My rating: 4 of 5 stars
Disclaimer: I happen to know the author of this book. I don't think that this much changes my opinion of the book, and I don't think any of my readers are expecting journalistic standards of objectivity from me anyway, but I feel like I should note it.
So, there were actually a couple of reasons why I almost didn't read this book. First, I hadn't actually read the first two volumes in the series, Midnight Never Come and In Ashes Lie. I intend to remedy this inexplicable omission quite soon, but it didn't actually harm my enjoyment of this book at all. While I'm sure there were sequences that would have had more richness if I'd read the previous volumes, everything you need to know to grasp what's going on in this book is explained in the text.

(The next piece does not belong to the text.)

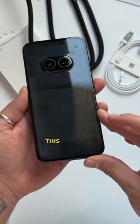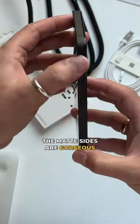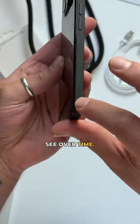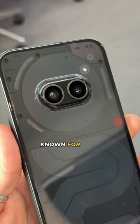The Nothing Phone 2A has this awesome new design with a glyph interface and this new camera layout. The matte sides are gorgeous, but how good the coating is and how long they last, we'll see over time. The glass back shows immense details, which Nothing is well known for now.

Second, I'm unfairly suspicious of novels involving fairies, because I'm always afraid they'll be twee. These fairies are about as un-twee as you can get, while still being very definitely magical. I particularly liked that these fairies are multicultural (a Greek centaur and an Arab djinn feature in the book), that they have internal politics, and that their interaction with the mortal world is a bit more complicated than them just having fun messing with mortals' heads. (Don't worry - they definitely have fun messing with mortals' heads. But there's more to it than that.)
Anyway, what's really cool about A Star Shall Fall is that it's a fantasy novel that's utterly steeped in science. In the previous book, the faeries dealt with a dragon that was threatening London by trapping it in a comet. Halley's comet, actually. So, in this book, it's 75 years later, the scientific revolution is in full swing, and the comet (with dragon) is on its way back. So the faeries attempt to tackle the return of the dragon as a scientific problem, and eventually enlist a few mortal scientists, who attempt to tackle the fairies as a scientific problem. It probably helps if you're the right kind of geek, but I really enjoyed the exploration of the faerie realm as one that may not obey our physical laws, but nevertheless operates by rules that can be investigated by the scientific method.